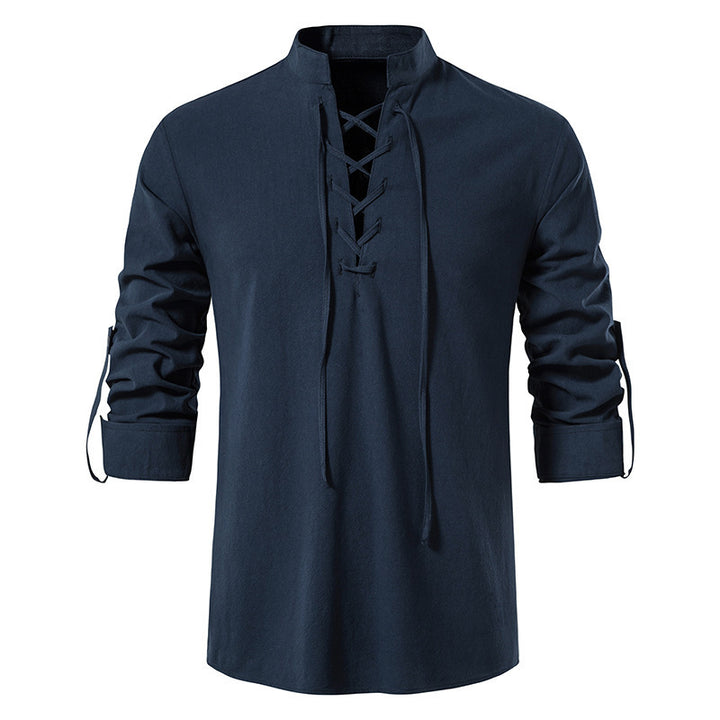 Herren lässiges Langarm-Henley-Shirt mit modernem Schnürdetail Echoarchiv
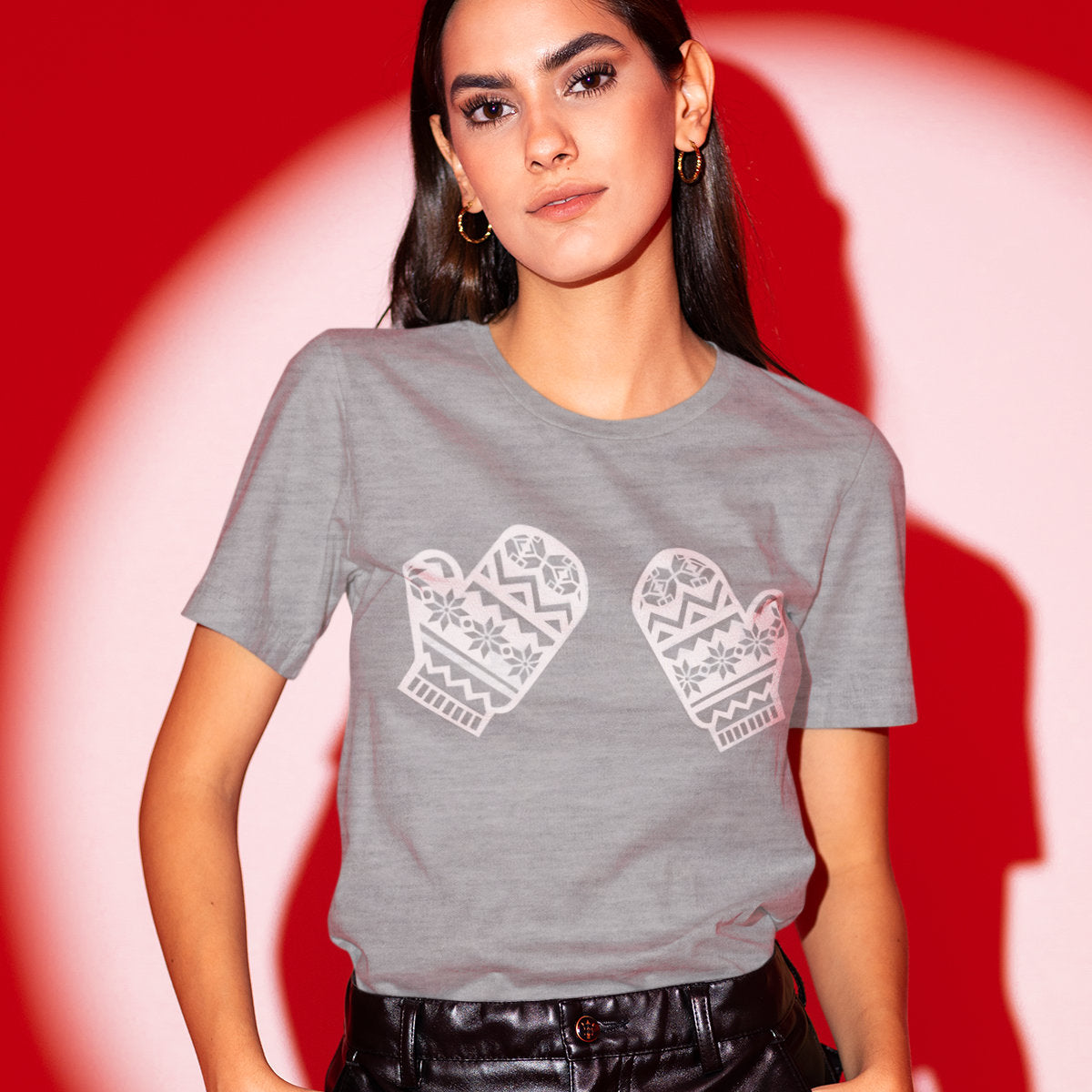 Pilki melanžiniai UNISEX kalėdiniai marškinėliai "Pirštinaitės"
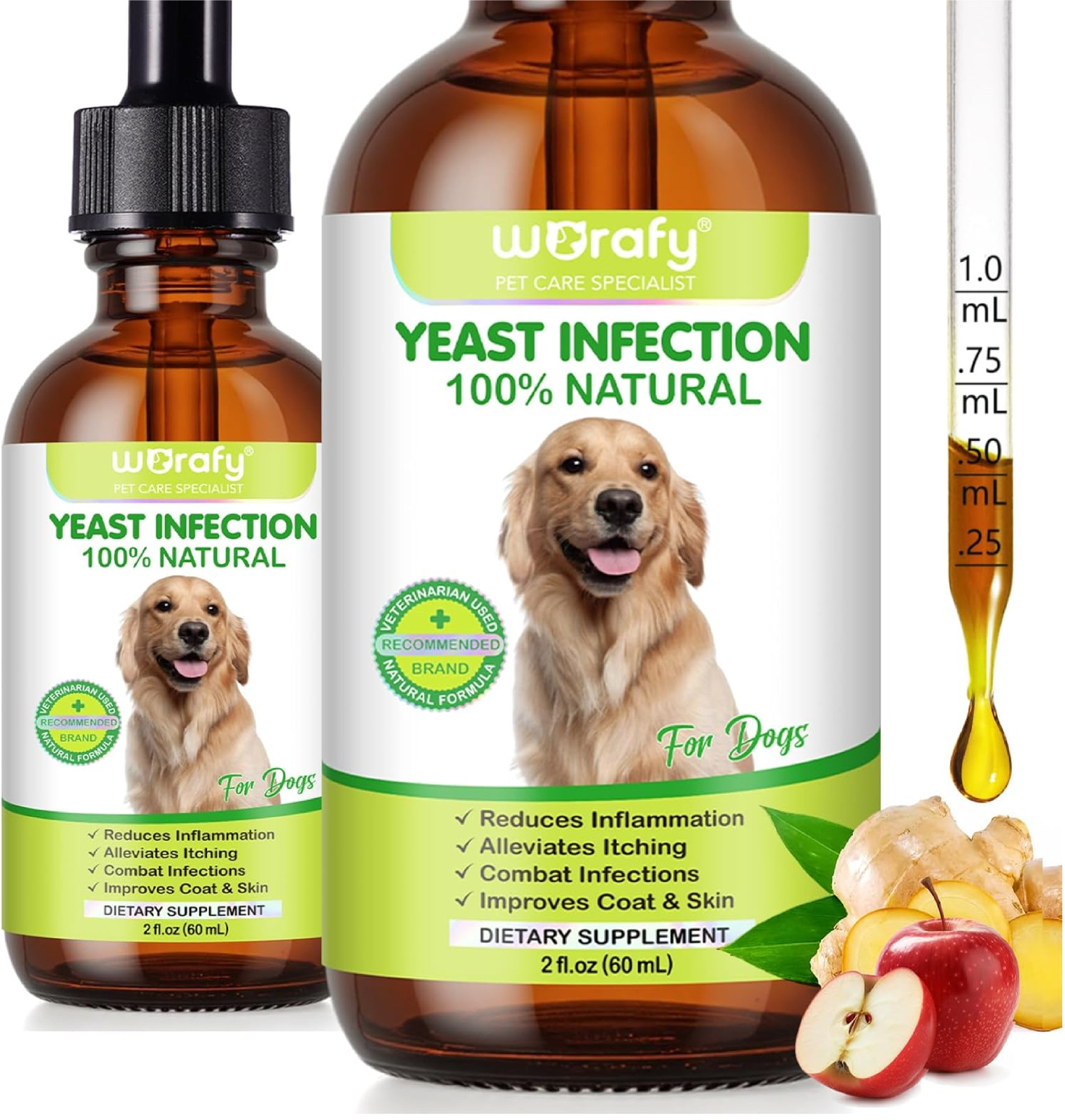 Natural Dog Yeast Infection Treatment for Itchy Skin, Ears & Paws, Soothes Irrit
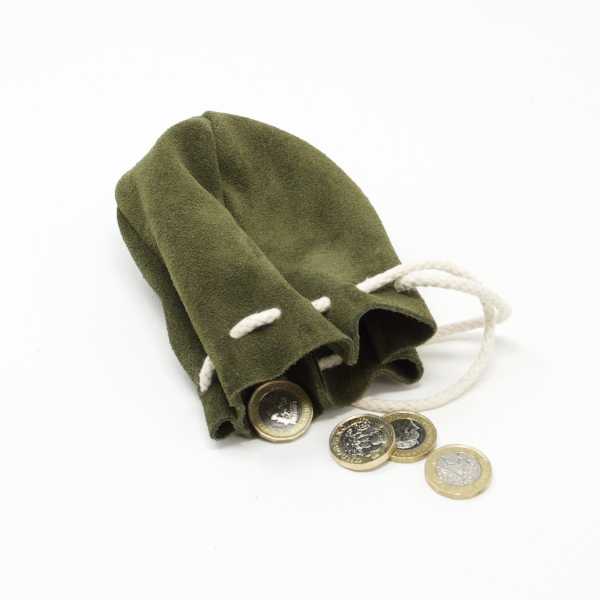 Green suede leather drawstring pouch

======

→ Work to complete
The answer should consist solely of the lines from the one containing "Natural Dog Yeast" through the last line of the material, copied exactly, with pictures left out.

→ Answer space
 Natural Dog Yeast Infection Treatment for Itchy Skin, Ears & Paws, Soothes Irrit
 Green suede leather drawstring pouch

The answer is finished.